Crawled caption data

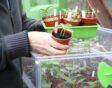Man zet plantjes in een verwarmde kweekbak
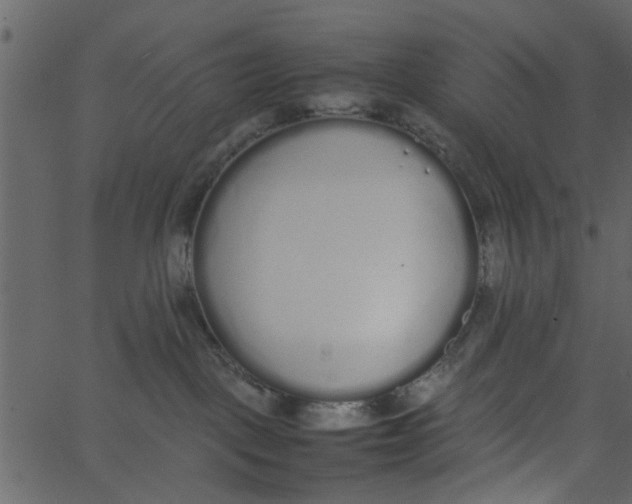 X0000062670093200601111255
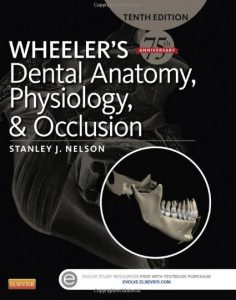 Wheeler's Dental Anatomy Physiology and Occlusion 10th Edition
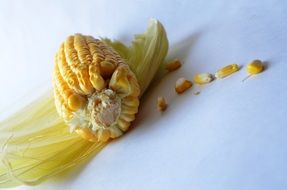 corn maize vegetables
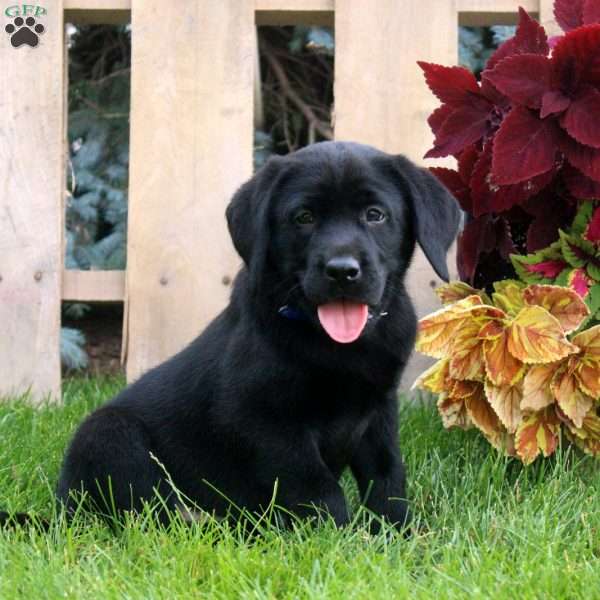 Charles, Black Labrador Retriever Puppy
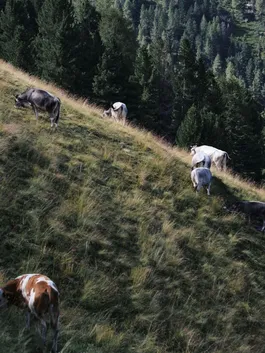 2207 AMA Stay 01 108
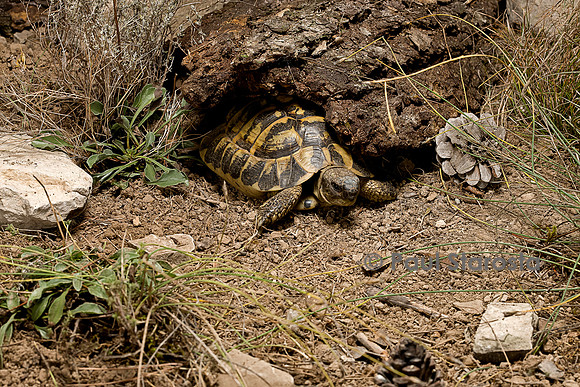 Testudo hermanni (tortue d'Hermann) - sortant de son abri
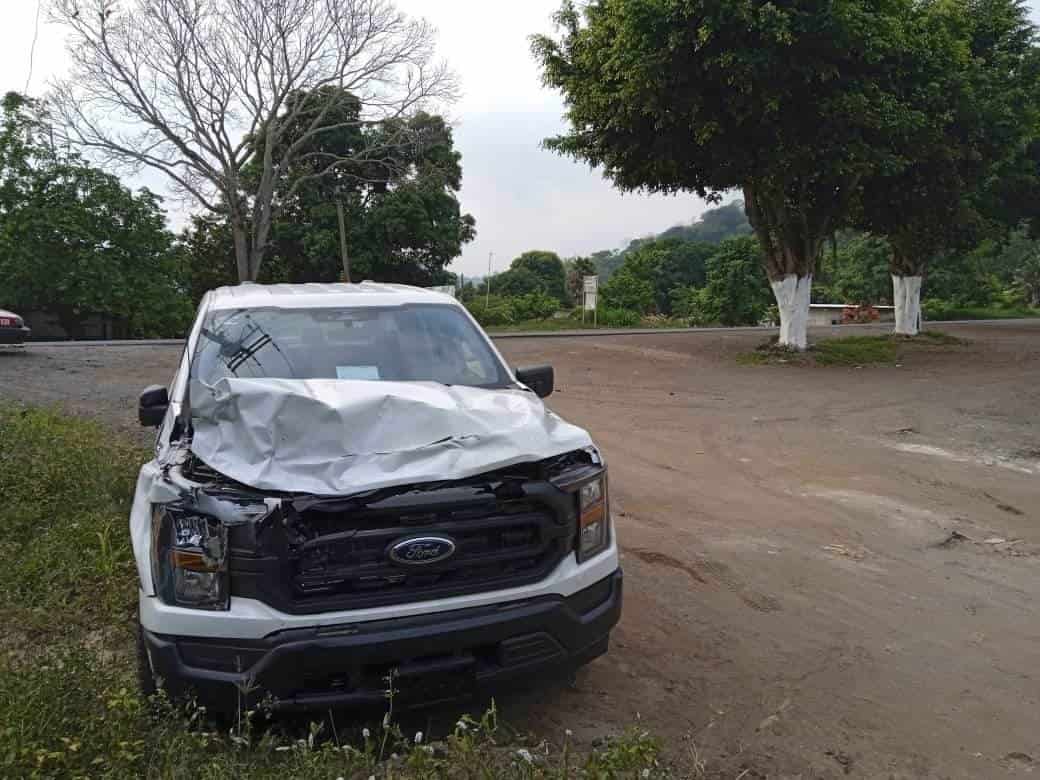 Camioneta atropella y mata a caballo en carretera a San Andrés Tuxtla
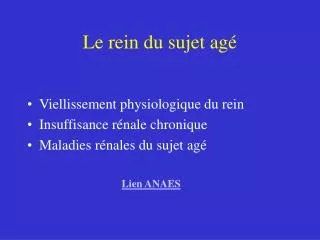 le rein du sujet ag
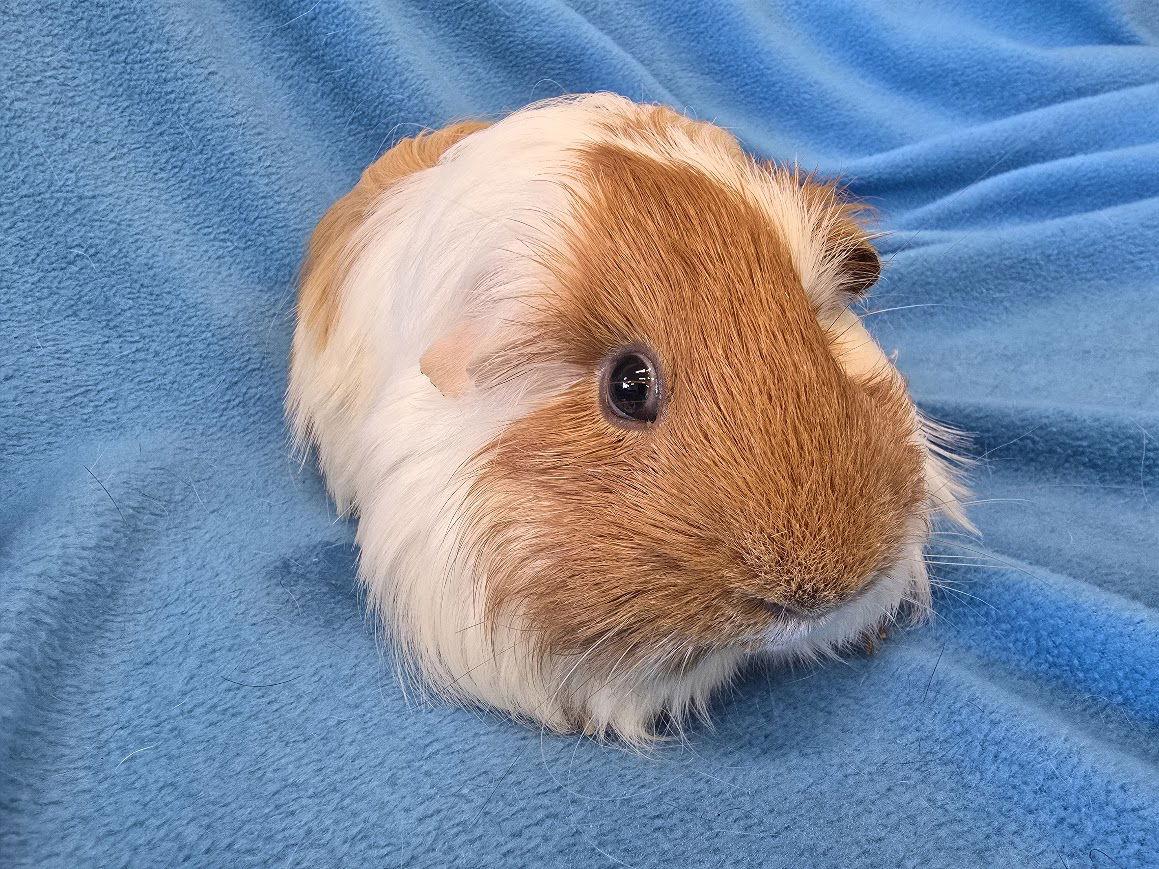Enlarge Benji (pending), a Adoptable Guinea Pig in Baton Rouge, LA image 2/3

_Directions for this task_
Reproduce word for word the lines running from the line with "Camioneta atropella y" through the end of the data, both included, and nothing else; leave out the pictures.

_Completed task_
 Camioneta atropella y mata a caballo en carretera a San Andrés Tuxtla
 le rein du sujet ag
Enlarge Benji (pending), a Adoptable Guinea Pig in Baton Rouge, LA image 2/3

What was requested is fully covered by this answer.